» **AIM OF THE TASK**
With all pictures omitted, return verbatim the lines from the beginning of the records below through the line containing "Day Walker Chapter 1 - Page 31".

» **Dataset items**
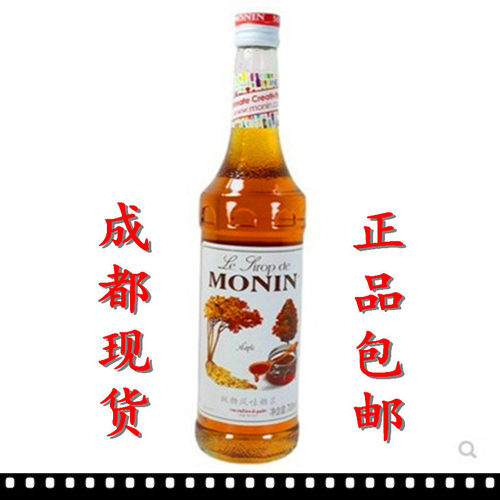 monin枫糖糖浆MONIN/莫林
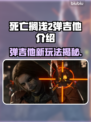 死亡搁浅2弹吉他🔥游戏党必看！🎸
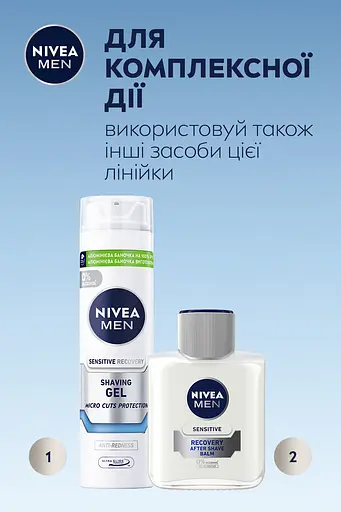 Відновлювальний гель для гоління NIVEA MEN для чутливої шкіри 200 мл - фото 6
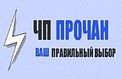 Прочан/Awattom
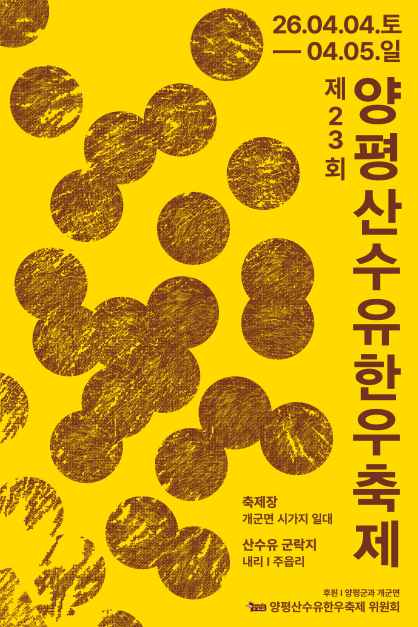 [초대] 양평 산수유 한우 축제...04.04~05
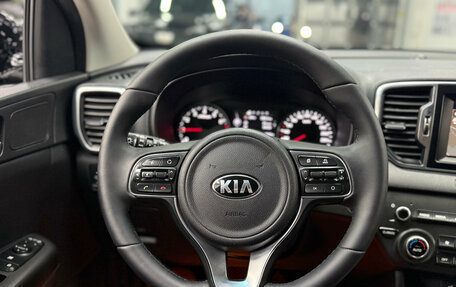KIA Sportage IV рестайлинг, 2017 год, 1 650 000 рублей, 15 фотография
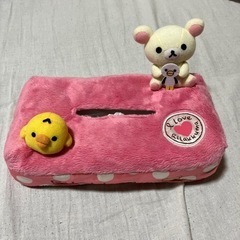 リラックマ　ティッシュカバー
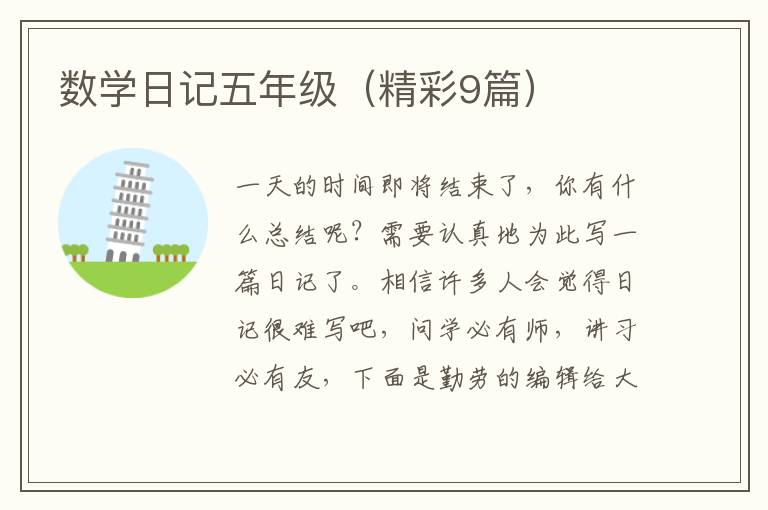 数学日记五年级(精彩9篇)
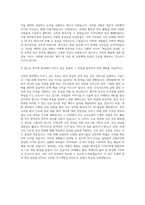 연세대학교 간호대학원 간호학과 자기소개서 (1)-3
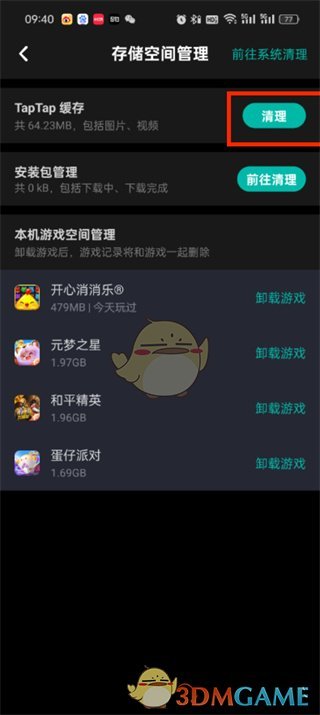 《taptap》清理安裝包方法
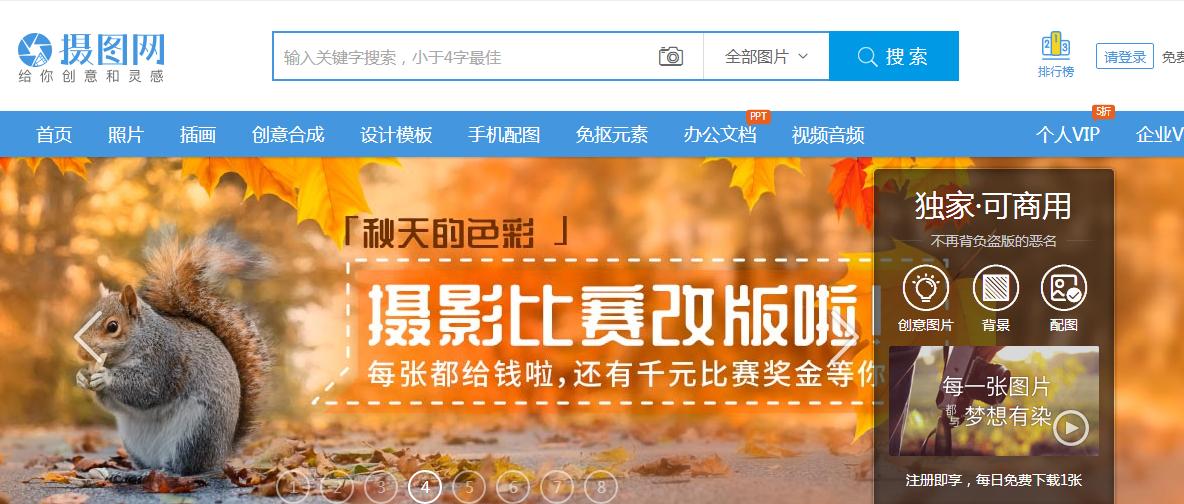 ps素材网站哪个好用,学习ps免费素材教程网站推荐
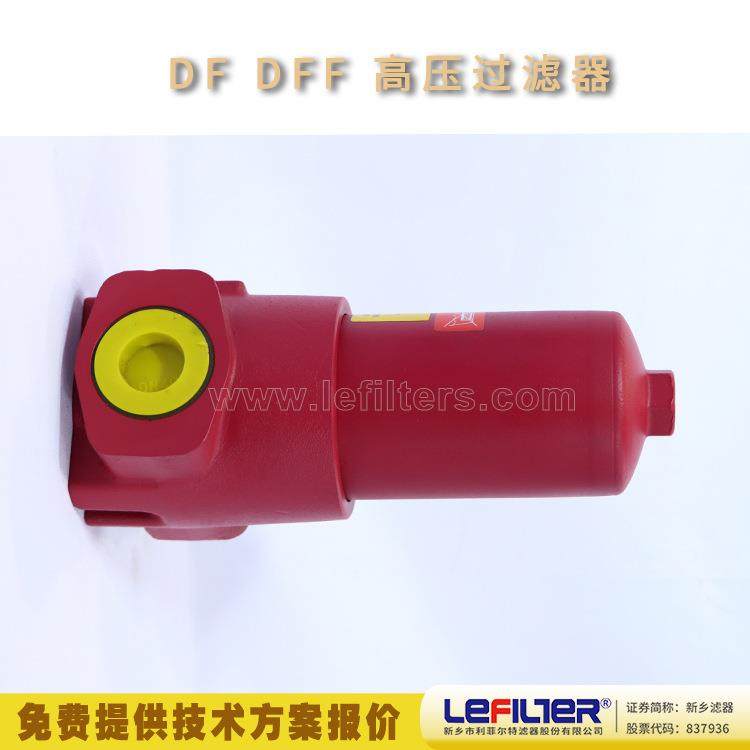 液压站高压管路过滤器420bar耐压集成旁通阀660L/min流量伺服控制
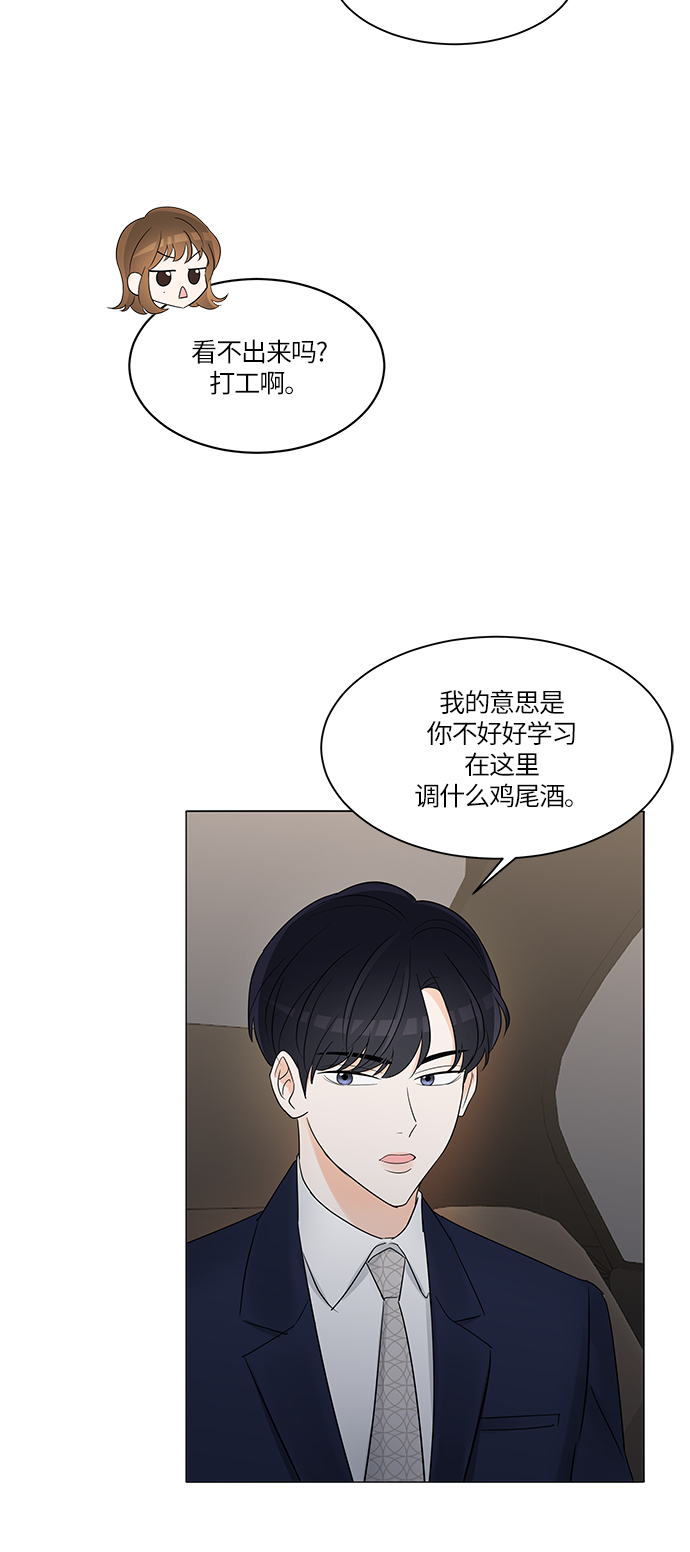 轻轻地捧着你的脸原唱漫画,第4话2图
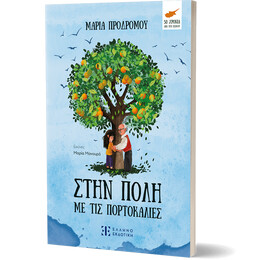 Στην πόλη με τις πορτοκαλιές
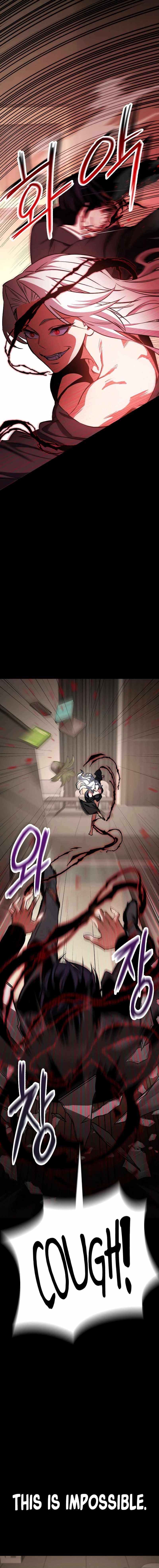 Day Walker Chapter 1 - Page 31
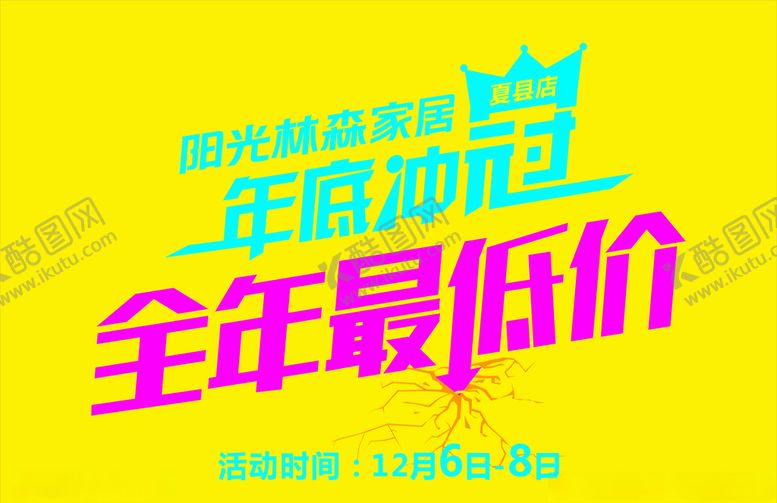 编号：17375507041539141298【酷图网】源文件下载-家居海报宣传单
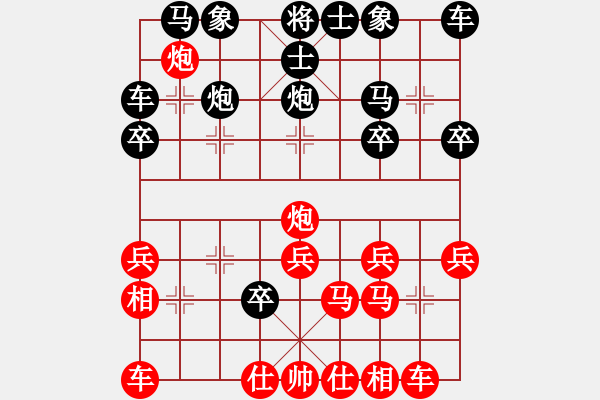 象棋棋譜圖片：劉衛(wèi)東(業(yè)9–3)先勝永恒的承諾(業(yè)9–3)202210211550.pgn - 步數(shù)：20 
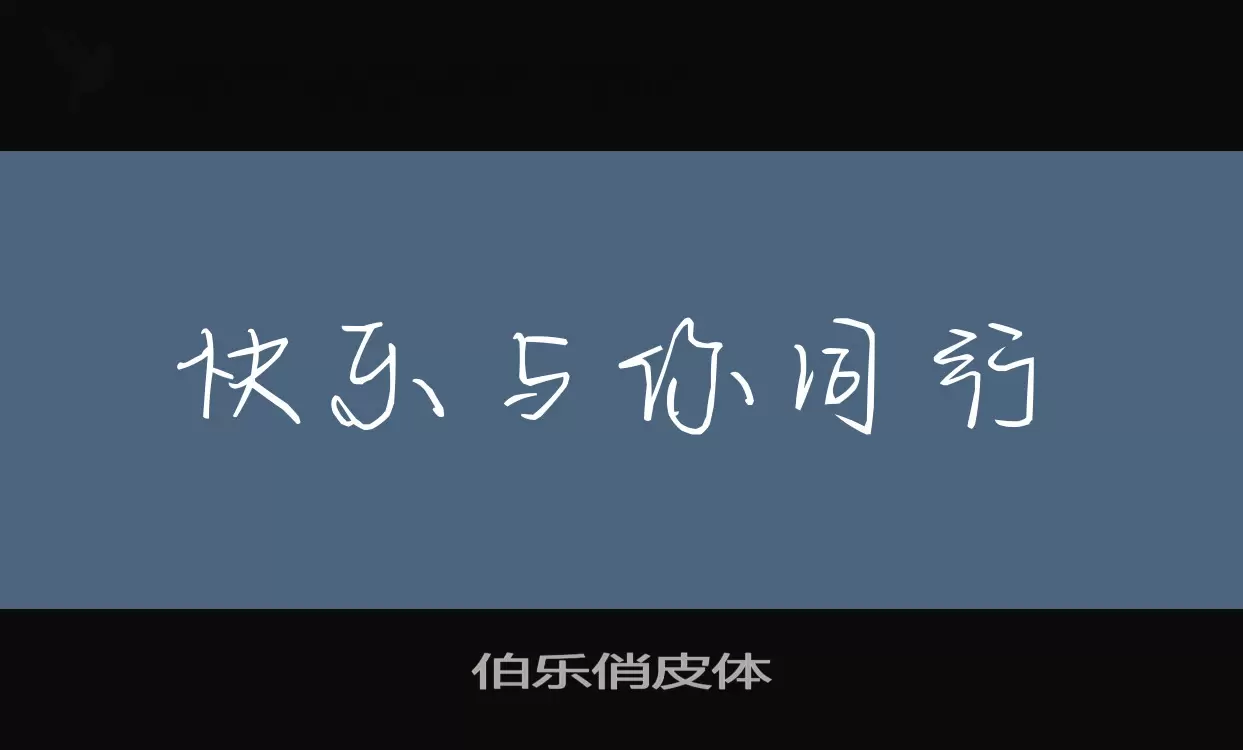 伯乐俏皮体字型檔案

» **YOUR RESPONSE**
 monin枫糖糖浆MONIN/莫林
 死亡搁浅2弹吉他🔥游戏党必看！🎸
 Відновлювальний гель для гоління NIVEA MEN для чутливої шкіри 200 мл - фото 6
 Прочан/Awattom
 [초대] 양평 산수유 한우 축제...04.04~05
KIA Sportage IV рестайлинг, 2017 год, 1 650 000 рублей, 15 фотография
 リラックマ　ティッシュカバー
 数学日记五年级(精彩9篇)
 연세대학교 간호대학원 간호학과 자기소개서 (1)-3
 《taptap》清理安裝包方法
 ps素材网站哪个好用,学习ps免费素材教程网站推荐
 液压站高压管路过滤器420bar耐压集成旁通阀660L/min流量伺服控制
 轻轻地捧着你的脸原唱漫画,第4话2图
 Στην πόλη με τις πορτοκαλιές
 Day Walker Chapter 1 - Page 31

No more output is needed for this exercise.